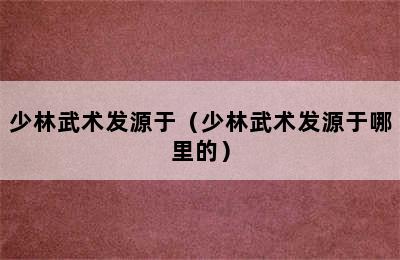 少林武术发源于（少林武术发源于哪里的）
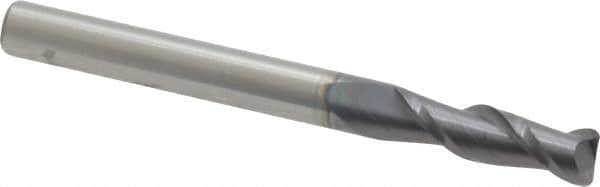 Accupro - 3/16", 2 Flute, Single End, Solid Carbide, 0.03" Corner Radius End Mill - 2" OAL, 40° Helix, Right Hand Flute, 5/8" LOC, Right Hand Cut - Benchmark Tooling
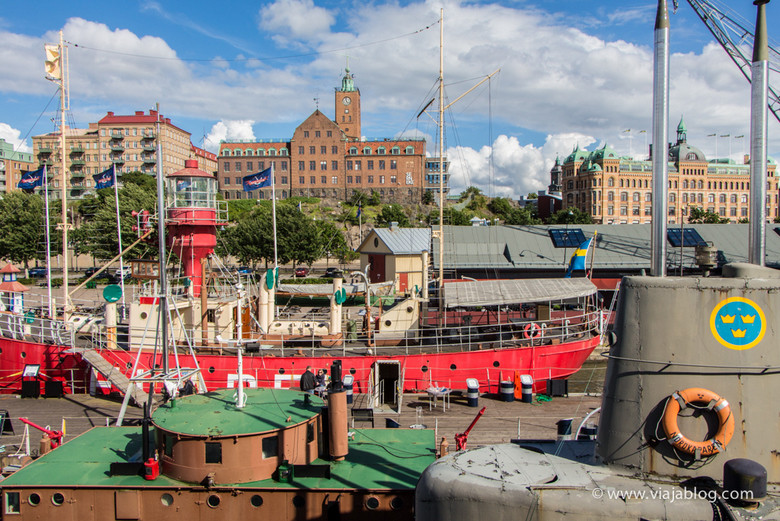 Algunos barcos del Museo Maritiman, Gotemburgo, Suecia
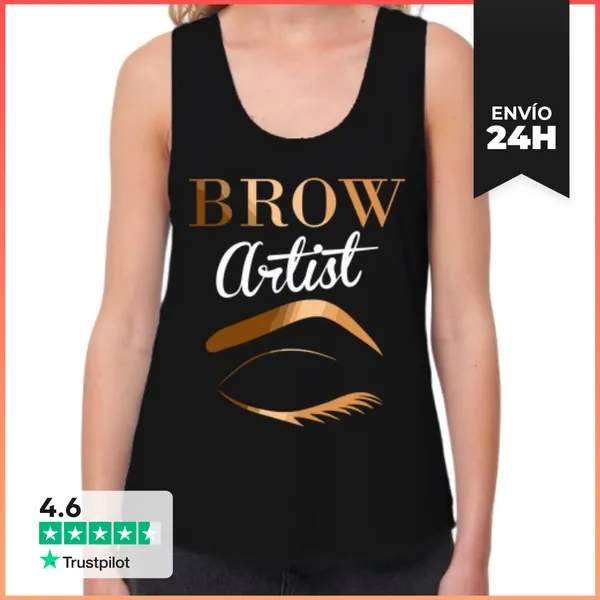 Camiseta Mujer Sin Mangas, Loose Fit Regalo De Microblading Para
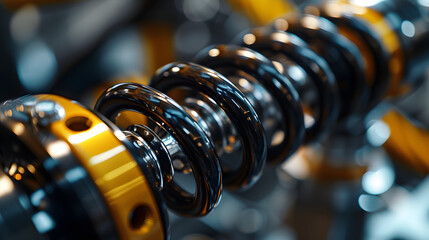 Closeup of springs, shock absorbers rad shock Absorbers focus on suspension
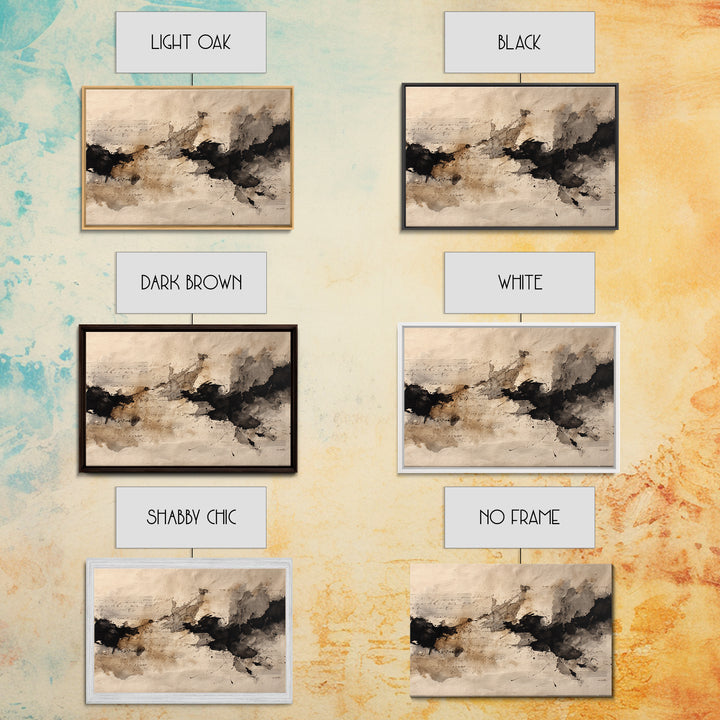 Expressive Musical Rhythm Painted as Ink Strokes Canvas Print, Calligraphy Art, Watercolor Print, Living Room Decor, Script, CAL-3x2-76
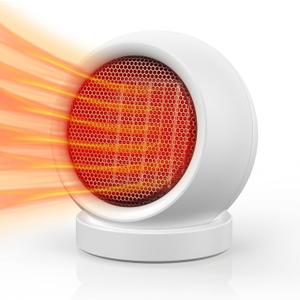 Space Heater,600W Energy Efficient Desk Heater for Indoor Use,PTC Ceramic Fast Heating Electric Desktop Heater for Home Bedroom Office Desk White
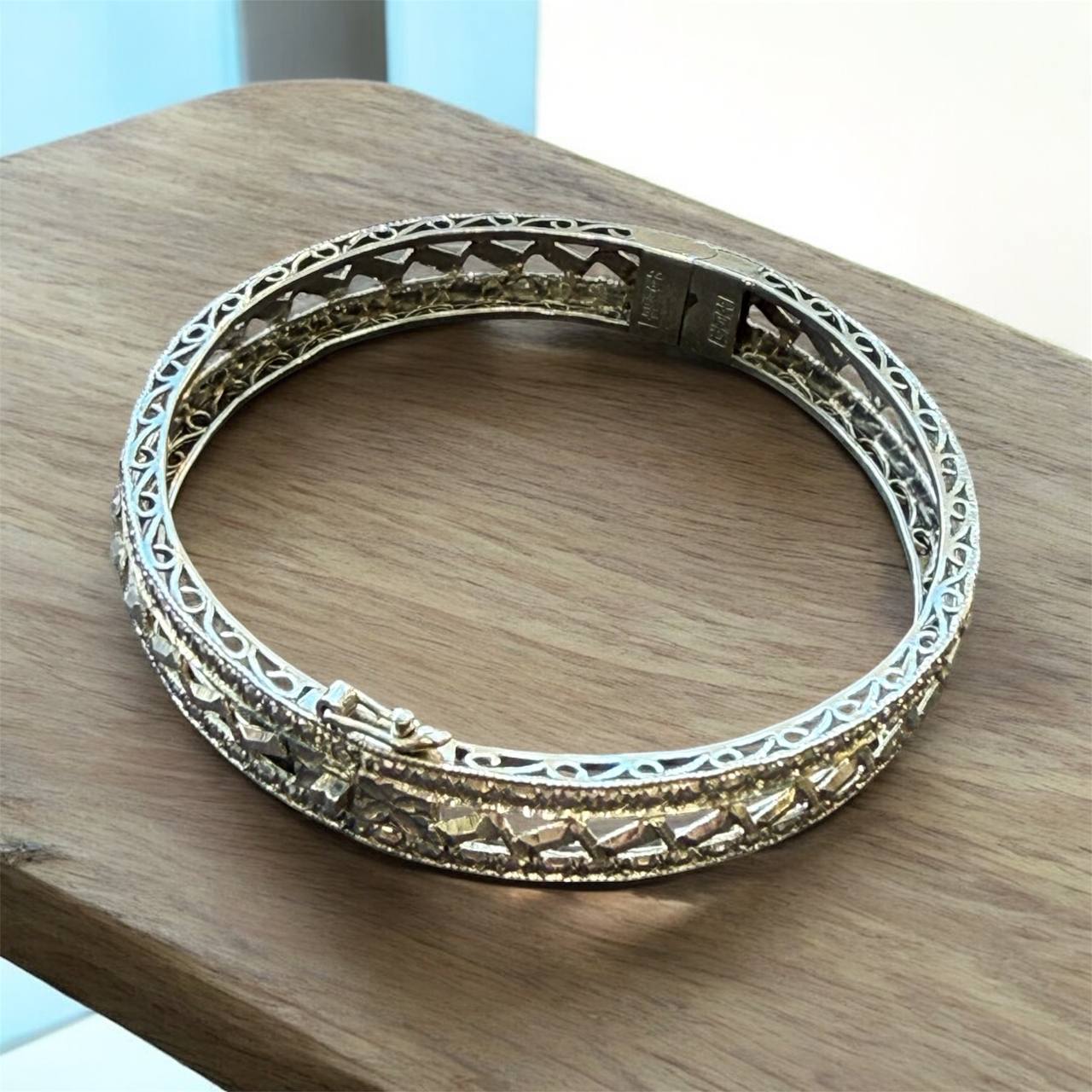 Vintage Art Deco Platinum Filigree Bangle Bracelet | Antique Style Jewelry Gift for Her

▶ _Task description_: Output only the lines running from the top of the data above to the line with "Closeup of springs, shock", inclusive, word for word and without pictures.

▶ _Output_:
 少林武术发源于（少林武术发源于哪里的）
 Accupro - 3/16", 2 Flute, Single End, Solid Carbide, 0.03" Corner Radius End Mill - 2" OAL, 40° Helix, Right Hand Flute, 5/8" LOC, Right Hand Cut - Benchmark Tooling
 Algunos barcos del Museo Maritiman, Gotemburgo, Suecia
 Camiseta Mujer Sin Mangas, Loose Fit Regalo De Microblading Para
 Closeup of springs, shock absorbers rad shock Absorbers focus on suspension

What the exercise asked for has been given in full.